■ What is being asked
Among the lines below, restate word for word only those from the line with "伊思（it‘s skin）晶" through the line with "利 未 记 3:9 CUVS Bible Verse Image", with both end lines kept.

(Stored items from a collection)
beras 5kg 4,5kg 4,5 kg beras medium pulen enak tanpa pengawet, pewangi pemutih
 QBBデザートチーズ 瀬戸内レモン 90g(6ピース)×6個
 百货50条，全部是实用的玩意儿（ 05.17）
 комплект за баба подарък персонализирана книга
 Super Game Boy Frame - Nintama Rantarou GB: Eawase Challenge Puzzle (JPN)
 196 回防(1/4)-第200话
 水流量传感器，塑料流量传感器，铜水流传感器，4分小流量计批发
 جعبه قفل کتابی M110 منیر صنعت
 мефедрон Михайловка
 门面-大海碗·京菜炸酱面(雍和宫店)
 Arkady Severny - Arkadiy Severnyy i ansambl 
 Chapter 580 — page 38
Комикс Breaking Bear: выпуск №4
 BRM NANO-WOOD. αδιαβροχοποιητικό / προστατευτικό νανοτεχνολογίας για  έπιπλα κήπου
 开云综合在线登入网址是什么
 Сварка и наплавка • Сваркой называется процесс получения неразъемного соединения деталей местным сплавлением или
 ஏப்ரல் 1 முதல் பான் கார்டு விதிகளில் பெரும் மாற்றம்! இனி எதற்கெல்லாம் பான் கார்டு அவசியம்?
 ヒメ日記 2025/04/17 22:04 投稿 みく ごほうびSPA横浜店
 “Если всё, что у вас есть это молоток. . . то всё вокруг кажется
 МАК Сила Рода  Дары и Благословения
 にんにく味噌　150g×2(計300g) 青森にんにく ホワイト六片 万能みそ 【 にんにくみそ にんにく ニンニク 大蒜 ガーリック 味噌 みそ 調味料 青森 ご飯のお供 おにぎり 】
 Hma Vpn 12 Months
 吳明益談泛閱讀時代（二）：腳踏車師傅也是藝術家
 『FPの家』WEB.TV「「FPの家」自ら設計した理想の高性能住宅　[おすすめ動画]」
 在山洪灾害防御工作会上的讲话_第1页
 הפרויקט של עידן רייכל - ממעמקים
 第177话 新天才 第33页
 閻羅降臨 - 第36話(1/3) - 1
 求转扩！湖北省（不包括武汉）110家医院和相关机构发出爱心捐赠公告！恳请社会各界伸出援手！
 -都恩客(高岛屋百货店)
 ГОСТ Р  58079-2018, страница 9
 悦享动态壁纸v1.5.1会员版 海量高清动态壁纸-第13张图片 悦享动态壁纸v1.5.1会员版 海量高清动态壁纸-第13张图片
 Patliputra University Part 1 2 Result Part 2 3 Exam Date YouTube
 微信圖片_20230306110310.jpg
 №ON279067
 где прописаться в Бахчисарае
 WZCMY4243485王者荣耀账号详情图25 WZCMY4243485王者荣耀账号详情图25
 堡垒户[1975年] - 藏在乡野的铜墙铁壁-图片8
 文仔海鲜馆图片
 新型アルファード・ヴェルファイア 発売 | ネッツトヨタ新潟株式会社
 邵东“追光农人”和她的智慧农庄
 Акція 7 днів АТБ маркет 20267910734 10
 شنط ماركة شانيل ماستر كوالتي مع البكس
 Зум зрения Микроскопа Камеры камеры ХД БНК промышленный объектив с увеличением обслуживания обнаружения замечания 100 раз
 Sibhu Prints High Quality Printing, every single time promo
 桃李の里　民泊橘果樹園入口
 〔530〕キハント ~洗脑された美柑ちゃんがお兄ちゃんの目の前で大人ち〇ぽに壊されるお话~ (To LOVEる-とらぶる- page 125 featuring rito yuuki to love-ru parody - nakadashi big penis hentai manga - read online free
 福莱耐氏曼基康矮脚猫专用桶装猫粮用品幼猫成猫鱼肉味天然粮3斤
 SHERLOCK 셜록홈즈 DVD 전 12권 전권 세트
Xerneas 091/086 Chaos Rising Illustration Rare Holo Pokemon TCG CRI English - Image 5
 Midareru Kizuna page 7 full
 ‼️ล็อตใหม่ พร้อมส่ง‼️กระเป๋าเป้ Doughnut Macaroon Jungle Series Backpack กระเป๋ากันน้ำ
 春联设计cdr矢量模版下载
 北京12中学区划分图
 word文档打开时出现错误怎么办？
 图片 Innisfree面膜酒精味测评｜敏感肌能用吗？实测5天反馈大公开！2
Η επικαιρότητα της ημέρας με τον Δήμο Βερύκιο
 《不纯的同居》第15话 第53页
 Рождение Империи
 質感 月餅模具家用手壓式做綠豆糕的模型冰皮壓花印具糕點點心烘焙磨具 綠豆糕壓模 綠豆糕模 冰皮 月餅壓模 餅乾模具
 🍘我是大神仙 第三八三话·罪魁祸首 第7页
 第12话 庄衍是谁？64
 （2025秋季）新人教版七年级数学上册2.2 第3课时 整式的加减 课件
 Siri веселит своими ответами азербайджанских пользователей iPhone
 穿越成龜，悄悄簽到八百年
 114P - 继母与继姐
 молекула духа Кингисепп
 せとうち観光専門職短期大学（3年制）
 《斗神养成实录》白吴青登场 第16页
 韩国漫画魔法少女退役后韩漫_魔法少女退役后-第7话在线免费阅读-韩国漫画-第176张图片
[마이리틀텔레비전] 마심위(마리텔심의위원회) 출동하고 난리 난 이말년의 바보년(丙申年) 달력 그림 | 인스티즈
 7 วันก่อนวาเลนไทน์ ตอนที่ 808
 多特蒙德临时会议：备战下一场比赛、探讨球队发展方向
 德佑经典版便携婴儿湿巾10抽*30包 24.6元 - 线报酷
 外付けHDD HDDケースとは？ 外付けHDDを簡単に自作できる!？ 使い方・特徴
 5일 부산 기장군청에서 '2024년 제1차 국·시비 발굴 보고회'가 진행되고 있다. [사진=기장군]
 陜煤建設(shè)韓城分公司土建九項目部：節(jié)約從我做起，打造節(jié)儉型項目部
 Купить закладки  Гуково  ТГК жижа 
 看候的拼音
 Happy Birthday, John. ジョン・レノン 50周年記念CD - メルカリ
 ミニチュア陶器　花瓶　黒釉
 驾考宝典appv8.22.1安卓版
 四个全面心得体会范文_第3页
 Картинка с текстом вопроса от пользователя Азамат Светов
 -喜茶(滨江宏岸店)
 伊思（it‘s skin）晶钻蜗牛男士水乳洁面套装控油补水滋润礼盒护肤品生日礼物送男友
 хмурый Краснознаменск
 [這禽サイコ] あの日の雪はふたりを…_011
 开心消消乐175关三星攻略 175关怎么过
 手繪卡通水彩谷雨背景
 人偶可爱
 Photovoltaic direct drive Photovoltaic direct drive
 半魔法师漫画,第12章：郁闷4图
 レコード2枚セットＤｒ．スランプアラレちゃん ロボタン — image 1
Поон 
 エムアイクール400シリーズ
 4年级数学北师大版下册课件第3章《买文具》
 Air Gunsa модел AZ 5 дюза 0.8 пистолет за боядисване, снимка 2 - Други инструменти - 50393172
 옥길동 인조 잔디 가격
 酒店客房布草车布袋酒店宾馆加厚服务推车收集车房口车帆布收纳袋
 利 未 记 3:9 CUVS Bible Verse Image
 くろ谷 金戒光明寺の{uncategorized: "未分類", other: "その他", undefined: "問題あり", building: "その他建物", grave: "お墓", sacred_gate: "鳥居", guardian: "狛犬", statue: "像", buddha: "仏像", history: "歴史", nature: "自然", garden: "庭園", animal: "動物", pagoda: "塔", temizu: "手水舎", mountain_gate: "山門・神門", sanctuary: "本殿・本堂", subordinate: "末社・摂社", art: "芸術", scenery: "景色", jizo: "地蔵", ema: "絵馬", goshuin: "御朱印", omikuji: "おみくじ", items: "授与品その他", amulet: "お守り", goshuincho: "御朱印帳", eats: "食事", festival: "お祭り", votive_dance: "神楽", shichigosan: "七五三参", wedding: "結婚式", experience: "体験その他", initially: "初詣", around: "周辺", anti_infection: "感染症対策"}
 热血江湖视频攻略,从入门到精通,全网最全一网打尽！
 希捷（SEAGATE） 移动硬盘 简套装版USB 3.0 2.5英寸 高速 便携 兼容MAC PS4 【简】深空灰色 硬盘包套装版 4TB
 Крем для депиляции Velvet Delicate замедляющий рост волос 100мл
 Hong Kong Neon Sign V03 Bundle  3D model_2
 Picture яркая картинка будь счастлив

■ Output
 伊思（it‘s skin）晶钻蜗牛男士水乳洁面套装控油补水滋润礼盒护肤品生日礼物送男友
 хмурый Краснознаменск
 [這禽サイコ] あの日の雪はふたりを…_011
 开心消消乐175关三星攻略 175关怎么过
 手繪卡通水彩谷雨背景
 人偶可爱
 Photovoltaic direct drive Photovoltaic direct drive
 半魔法师漫画,第12章：郁闷4图
 レコード2枚セットＤｒ．スランプアラレちゃん ロボタン — image 1
Поон 
 エムアイクール400シリーズ
 4年级数学北师大版下册课件第3章《买文具》
 Air Gunsa модел AZ 5 дюза 0.8 пистолет за боядисване, снимка 2 - Други инструменти - 50393172
 옥길동 인조 잔디 가격
 酒店客房布草车布袋酒店宾馆加厚服务推车收集车房口车帆布收纳袋
 利 未 记 3:9 CUVS Bible Verse Image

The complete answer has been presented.